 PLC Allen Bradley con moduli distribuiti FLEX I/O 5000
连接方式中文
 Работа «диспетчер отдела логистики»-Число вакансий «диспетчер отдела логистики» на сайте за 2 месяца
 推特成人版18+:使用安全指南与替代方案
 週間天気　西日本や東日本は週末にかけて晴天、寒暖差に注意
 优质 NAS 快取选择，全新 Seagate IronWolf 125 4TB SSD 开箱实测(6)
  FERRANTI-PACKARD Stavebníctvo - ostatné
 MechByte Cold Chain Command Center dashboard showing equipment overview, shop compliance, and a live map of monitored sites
○ ○ ○ ○ ○ ○ ○
▶ **WHAT YOU ARE ASKED TO DO**: Word for word, copy out the entries.

▶ **RESPONSE TO THE TASK**:
 PLC Allen Bradley con moduli distribuiti FLEX I/O 5000
连接方式中文
 Работа «диспетчер отдела логистики»-Число вакансий «диспетчер отдела логистики» на сайте за 2 месяца
 推特成人版18+:使用安全指南与替代方案
 週間天気　西日本や東日本は週末にかけて晴天、寒暖差に注意
 优质 NAS 快取选择，全新 Seagate IronWolf 125 4TB SSD 开箱实测(6)
  FERRANTI-PACKARD Stavebníctvo - ostatné
 MechByte Cold Chain Command Center dashboard showing equipment overview, shop compliance, and a live map of monitored sites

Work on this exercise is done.